Minggu, 03 Juni 2018

Perkebunan Besar dan Peternakan Besar


Masalah pupuk atau kesuburan tanah selalu menjadi topik atau pembahasan inti bagi suatu usaha perkebunan besar. Hal ini sangat wajar karena menjaga produktivitas hasil panen hanya bisa dilakukan dengan menjaga kesuburan tanah atau memberi pupuk yang memadai. Untuk itu anggaran biaya penyediaan pupuk tersebut selalu mengambil porsi besar pada usaha perkebunan tersebut. Lalu kondisi tersebut mengarah pada pertanyaan bagaimana caranya melakukan efisiensi atau penghematan anggaran pupuk tersebut ? Tentu banyak teknik bisa digunakan untuk maksud tersebut, tetapi pada dasarnya pemilihan atau penggunaan pupuk yang sesuai dan efektifitas atau keterserapan pupuk bagi tanaman, menjadi faktor kunci keberhasilan menjaga kesuburan tanah tersebut. Mari kita coba menjawab pertanyaan pokok diatas. 

Ketika pupuk kimia semakin ditinggalkan karena efeknya yang malah merusak lingkungan, maka tidak ada pilihan lain selain menggunakan pupuk organik. Pada perkebunan besar seperti perkebunan sawit pada dasarnya juga banyak limbah biomasanya dari pabrik sawit yang bisa dijadikan pupuk, misalnya pelepah dan batang sawit. Tetapi ketika bahan-bahan tersebut juga diolah untuk menjadi produk tertentu, dan juga proses pengomposan jenis kayu berserat tersebut memakan waktu lama, maka pilihan terbaiknya adalah dengan pupuk organik kotoran ternak. Pertanyaannya adalah darimana mendapatkan pupuk kompos kotoran ternak untuk kebun sawit tersebut? Sebenarnya ada lagi sumber pupuk organik atau kompos yang bisa dihasilkan dari limbah pabrik sawit yakni dari limbah cairnya. Apabila pabrik sawit tersebut memiliki unit biogas (anaerobic digester) maka residue biogas tersebut yakni dari sludge-nya bisa sebagai pupuk organik. Saat ini belum banyak pabrik sawit yang mengolah limbah cairnya dengan unit biogas tersebut, dengan alasan unit tersebut dirasa mahal.

Sejarah dan pengalaman pendahulu kita sebelum penggunaan pupuk kimia bisa dijadikan acuan hal tersebut. Mereka saat itu untuk bisa mencukupi kebutuhan pupuk dari usaha pertaniannya yakni dengan beternak baik domba, kambing, sapi, maupun kerbau.

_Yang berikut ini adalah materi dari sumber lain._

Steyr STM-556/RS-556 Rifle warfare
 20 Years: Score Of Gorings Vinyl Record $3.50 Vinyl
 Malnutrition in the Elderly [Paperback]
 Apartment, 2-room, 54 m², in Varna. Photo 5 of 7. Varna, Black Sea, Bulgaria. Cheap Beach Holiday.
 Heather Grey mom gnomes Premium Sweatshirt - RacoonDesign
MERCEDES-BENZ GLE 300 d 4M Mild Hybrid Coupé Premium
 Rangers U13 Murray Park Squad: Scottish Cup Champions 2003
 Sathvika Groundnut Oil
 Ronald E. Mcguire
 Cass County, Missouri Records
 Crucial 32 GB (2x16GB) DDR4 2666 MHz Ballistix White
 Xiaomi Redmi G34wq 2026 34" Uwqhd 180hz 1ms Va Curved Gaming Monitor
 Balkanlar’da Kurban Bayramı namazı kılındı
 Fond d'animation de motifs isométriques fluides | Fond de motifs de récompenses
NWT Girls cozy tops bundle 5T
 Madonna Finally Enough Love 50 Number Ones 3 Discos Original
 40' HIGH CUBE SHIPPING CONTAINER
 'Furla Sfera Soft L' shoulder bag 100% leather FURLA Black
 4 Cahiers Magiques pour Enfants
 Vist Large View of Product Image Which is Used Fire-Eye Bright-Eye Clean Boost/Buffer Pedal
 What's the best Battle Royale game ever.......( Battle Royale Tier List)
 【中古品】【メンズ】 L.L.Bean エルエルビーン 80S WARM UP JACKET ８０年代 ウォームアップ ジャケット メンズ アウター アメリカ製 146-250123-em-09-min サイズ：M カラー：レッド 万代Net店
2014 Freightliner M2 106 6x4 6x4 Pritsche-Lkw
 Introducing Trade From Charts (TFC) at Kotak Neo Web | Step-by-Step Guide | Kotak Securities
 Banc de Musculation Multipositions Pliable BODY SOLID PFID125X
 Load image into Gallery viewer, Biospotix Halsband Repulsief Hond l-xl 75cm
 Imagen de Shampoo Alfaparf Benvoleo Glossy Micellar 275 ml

Kotoran ternak-ternak tersebut digunakan untuk pupuk pertaniannya dan  limbah pertanian digunakan untuk pakan ternak tersebut. Pola dasar tersebut juga bisa dikembangkan untuk perkebunan besar dengan beberapa teknik penyesuaian untuk meningkatkan efisiensinya. Teknis aplikasi di lapangan yang bisa dilakukan yakni perkebunan besar harus bekerjasama dengan peternakan besar atau bahkan idealnya memiliki peternakan besar tersebut untuk mencukupi kebutuhan pupuk untuk perkebunannya. Sebagai contoh perkebunan sawit yang memiliki luas kebun 2000 hektar maka 100-200 (10-20%) hektar digunakan untuk peternakan domba. Peternakan domba tersebut, bukan dengan dikandangkan saja, tetapi digembalakkan pada padang-padang gembalaan.  
Mengapa peternakan domba tersebut dilakukan di padang-padang gembalaan? Hal ini karena dengan penggembalaan biaya pakan bisa ditekan dengan sangat besar atau usaha tersebut menjadi sangat ekonomis. Komponen biaya terbesar dari usaha peternakan adalah pakan. Apabila ketersediaan dan pasokan pakan telah bisa diatasi maka komponen lainnya menjadi lebih mudah. Padang gembalaan tersebut berupa rerumputan dan pohon-pohon peneduh. Membuat rumput selalu tersedia adalah esensi bagi usaha tersebut, bahkan bisa dikatakan padang gembalaan adalah adalah pertanian rumput itu sendiri. Teknik penggembalaan rotasi (rotation grazing) adalah teknik penggembalaan terbaik saat ini, untuk lebih detail bisa dibaca disini. Ketika rumput-rumput dipupuk dengan kotoran domba sewaktu penggembalaan tersebut, kotoran yang dihasilkan ketika di kandang bisa digunakan untuk pupuk pada perkebunan besar seperti sawit tersebut. Unit biogas bisa digunakan untuk optimalisasi pemanfaatan kotoran dari kandang tersebut. 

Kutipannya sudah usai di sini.